Souad Zaïdi, de la banque à la politique

Souad Zaïdi n’est pas que la fille de son défunt père Ahmed Zaïdi initiateur du courant réformateur puis scissionniste de l’USFP. La nouvelle vice-maire de Rabat revient pour Médias 24 sur son itinéraire et sur son futur politique. 

Souad Zaïdi, de la banque à la politique
Samir El Ouardighi
Le 22 septembre 2015 à 16h27 | Modifié 22 septembre 2015 à 16h27

Agée de 38 ans, cette mère de trois enfants a pris son temps avant de se lancer dans l’arène politique.

Souad Zaïdi refuse de se poser en pièce rapportée voulant utiliser la flamme politique de feu Ahmed Zaïdi pour exister même si elle ne cache pas vouloir perpétuer l’héritage paternel.

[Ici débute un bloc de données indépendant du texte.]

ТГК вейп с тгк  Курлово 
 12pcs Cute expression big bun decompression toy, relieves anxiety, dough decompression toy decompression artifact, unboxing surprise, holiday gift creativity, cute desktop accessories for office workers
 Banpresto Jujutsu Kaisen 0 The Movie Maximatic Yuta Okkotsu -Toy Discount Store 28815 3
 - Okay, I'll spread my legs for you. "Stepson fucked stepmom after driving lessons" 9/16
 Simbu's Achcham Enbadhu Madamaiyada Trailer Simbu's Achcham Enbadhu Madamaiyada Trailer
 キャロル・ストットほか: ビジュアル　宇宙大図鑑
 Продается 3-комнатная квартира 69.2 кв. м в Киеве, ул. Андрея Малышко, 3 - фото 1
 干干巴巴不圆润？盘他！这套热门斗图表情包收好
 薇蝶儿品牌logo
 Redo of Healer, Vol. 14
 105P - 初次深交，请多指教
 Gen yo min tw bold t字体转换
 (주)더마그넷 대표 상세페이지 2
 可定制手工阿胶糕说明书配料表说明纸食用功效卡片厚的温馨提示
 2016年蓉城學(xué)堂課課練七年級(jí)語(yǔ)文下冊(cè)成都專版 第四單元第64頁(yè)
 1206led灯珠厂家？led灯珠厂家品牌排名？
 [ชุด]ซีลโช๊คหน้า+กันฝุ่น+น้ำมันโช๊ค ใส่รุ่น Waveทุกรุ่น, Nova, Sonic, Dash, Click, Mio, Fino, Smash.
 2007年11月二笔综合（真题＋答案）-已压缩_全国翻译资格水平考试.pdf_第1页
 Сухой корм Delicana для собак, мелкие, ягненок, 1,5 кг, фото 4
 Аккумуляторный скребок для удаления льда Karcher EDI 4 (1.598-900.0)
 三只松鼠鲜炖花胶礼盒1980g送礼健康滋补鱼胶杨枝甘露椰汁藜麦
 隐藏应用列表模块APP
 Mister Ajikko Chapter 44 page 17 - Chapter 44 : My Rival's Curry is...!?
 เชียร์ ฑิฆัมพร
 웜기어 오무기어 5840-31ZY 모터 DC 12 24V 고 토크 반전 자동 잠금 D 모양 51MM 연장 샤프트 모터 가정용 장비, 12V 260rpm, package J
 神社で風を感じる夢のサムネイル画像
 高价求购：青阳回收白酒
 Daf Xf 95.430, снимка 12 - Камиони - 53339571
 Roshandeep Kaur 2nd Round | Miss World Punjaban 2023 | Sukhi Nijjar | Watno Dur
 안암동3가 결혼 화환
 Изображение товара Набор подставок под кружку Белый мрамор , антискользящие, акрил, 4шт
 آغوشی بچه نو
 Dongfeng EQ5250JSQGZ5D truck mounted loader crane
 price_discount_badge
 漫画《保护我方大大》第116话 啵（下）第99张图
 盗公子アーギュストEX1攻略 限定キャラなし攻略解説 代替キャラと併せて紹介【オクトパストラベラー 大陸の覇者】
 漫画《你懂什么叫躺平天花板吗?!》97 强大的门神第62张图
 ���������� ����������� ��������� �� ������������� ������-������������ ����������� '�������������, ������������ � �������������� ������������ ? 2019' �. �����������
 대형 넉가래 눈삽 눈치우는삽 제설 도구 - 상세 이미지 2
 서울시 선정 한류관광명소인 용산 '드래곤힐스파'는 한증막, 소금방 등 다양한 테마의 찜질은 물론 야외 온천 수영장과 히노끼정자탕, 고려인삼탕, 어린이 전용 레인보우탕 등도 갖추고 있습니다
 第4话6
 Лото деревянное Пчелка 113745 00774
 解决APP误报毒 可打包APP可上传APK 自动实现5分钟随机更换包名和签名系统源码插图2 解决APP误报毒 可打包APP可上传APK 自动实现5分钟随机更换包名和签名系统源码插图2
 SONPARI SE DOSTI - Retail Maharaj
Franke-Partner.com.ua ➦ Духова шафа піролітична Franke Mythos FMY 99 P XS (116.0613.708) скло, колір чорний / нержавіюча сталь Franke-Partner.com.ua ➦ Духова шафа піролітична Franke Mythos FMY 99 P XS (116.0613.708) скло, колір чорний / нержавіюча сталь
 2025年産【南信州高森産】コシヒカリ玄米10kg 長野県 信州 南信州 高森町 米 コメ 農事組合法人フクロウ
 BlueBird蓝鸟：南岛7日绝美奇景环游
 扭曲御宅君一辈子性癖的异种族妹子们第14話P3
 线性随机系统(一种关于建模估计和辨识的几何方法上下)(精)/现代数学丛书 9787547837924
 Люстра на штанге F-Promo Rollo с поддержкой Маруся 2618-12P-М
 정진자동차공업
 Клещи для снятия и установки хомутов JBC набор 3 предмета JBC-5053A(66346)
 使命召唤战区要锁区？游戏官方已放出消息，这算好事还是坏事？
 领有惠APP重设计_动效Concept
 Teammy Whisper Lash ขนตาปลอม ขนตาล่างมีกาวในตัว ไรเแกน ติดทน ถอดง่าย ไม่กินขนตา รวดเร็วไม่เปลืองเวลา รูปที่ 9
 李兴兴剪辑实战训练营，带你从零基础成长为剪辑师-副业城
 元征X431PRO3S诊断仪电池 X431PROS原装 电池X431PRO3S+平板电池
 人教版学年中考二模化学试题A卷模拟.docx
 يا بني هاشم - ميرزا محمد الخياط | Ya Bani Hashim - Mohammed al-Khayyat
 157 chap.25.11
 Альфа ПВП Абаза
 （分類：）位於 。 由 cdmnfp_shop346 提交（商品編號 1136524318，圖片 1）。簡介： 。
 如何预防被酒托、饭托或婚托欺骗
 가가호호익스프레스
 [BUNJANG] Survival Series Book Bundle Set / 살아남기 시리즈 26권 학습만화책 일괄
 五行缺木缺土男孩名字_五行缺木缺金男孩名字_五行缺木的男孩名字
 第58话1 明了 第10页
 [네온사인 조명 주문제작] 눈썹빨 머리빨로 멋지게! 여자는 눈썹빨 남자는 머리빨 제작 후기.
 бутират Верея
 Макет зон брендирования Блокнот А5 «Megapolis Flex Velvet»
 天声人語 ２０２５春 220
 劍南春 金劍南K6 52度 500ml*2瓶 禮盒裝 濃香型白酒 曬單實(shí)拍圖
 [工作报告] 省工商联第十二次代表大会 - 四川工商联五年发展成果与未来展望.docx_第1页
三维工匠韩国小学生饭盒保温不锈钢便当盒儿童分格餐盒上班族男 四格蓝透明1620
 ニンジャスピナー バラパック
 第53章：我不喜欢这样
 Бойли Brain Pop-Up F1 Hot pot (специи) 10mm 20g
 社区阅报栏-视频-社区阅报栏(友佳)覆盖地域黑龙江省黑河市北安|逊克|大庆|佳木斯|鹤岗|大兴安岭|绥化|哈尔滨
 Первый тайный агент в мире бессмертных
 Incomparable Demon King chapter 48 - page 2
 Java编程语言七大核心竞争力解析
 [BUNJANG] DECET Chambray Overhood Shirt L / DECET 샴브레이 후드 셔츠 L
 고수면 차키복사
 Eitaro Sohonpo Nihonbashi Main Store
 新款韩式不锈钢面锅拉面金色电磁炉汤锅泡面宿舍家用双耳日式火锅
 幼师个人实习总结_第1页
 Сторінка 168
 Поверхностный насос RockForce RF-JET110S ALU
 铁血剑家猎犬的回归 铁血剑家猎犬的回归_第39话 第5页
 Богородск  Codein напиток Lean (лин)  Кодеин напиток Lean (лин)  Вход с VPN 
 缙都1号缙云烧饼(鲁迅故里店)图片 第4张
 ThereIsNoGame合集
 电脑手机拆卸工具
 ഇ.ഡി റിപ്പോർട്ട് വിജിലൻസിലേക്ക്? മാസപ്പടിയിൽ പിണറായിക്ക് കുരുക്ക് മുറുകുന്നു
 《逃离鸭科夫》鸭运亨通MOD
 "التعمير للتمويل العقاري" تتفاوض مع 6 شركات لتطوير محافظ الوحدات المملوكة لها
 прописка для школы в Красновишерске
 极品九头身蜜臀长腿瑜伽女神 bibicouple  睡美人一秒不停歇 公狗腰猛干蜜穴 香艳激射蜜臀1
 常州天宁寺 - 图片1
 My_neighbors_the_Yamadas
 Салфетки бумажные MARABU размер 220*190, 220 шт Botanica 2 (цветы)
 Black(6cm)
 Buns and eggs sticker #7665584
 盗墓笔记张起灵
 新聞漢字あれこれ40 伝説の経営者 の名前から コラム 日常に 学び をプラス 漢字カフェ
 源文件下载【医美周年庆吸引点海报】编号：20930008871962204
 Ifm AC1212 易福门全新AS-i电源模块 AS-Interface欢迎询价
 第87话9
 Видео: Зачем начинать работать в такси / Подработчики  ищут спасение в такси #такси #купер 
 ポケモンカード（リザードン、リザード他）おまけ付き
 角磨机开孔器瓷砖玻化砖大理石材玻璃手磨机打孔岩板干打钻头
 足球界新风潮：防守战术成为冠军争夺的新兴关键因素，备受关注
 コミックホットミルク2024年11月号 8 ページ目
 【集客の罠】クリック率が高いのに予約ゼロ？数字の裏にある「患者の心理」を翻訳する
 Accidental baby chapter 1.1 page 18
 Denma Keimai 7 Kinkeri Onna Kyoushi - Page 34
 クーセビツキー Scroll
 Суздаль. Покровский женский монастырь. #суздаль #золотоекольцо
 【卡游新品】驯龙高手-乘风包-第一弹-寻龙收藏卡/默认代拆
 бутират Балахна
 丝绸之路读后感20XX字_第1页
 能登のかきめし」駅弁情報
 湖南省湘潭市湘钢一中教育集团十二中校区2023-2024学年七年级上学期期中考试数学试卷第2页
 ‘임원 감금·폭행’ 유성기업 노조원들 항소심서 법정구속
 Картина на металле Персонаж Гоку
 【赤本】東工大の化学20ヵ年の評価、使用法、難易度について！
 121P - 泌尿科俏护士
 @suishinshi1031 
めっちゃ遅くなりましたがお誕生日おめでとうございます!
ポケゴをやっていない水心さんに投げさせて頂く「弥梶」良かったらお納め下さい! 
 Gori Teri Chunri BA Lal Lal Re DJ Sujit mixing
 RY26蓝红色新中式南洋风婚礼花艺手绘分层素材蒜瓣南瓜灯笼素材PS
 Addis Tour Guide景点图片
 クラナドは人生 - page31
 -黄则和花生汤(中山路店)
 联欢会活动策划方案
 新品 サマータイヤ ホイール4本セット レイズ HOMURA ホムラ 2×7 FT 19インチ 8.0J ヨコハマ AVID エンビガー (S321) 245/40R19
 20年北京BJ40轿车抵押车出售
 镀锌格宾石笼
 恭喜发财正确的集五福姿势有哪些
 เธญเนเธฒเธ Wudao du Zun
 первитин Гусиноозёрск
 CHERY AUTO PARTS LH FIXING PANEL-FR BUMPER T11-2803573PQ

Pur produit des écoles marocaines, elle a décroché son baccalauréat au lycée Dar Salam de Rabat avant de poursuivre une année d’études à la faculté de pharmacie en Tunisie.

Préférant rentrer étudier dans son pays, elle change de voie et démarre ses études supérieures par l’obtention d’un DEUG en droit français à l’université de Rabat avant de se marier à l’âge de 20 ans.

Après une pause de 2 ans pour s’occuper de son 1er enfant, elle décroche un Bachelor à l’école IHEM.

Férue d’études, elle continue sur sa lancée et obtient en 2012 un master en marketing et communication à l’ISCAE tout en projetant de préparer à l’avenir un MBA dans cette même école.

A l’issue de son bachelor, elle intègre en 2006 la banque Attijariwafa bank comme conseillère commerciale avant de gravir les échelons jusqu’à chapeauter l’animation commerciale de 19 agences.

Habitant le Souissi depuis son mariage, cette ancienne responsable de l’agence bancaire de ce quartier date de cette époque sa proximité avec les habitants de son lieu de résidence.

Contrairement à d’autres candidats, elle avance qu’elle n’a pas été parachutée et s’est présentée aux communales comme une candidate du cru. Elue à la tête de la liste indépendante, elle a par la suite été désignée 10e vice présidente de la municipalité de Rabat siégeant aux côtés de la majorité menée par le PJD.

Elle confesse que si son père lui a donné goût à la chose publique, il lui a aussi prédit un avenir en la matière. Elle n’est cependant pas la seule car cette benjamine d’une famille de trois filles et d’un garçon tient à rappeler que son frère Saïd a été élu président de la commune de Oued Cherrat, le fief de feu son père.

Toute petite, elle était déjà impressionnée par les personnalités de gauche qui visitaient son défunt père au domicile familial ou lors de meeting électoraux. L’éloquence de Fathallah Oualalou et la grande culture de Mohamed Guessous la fascinaient et l’ont fortement influencée.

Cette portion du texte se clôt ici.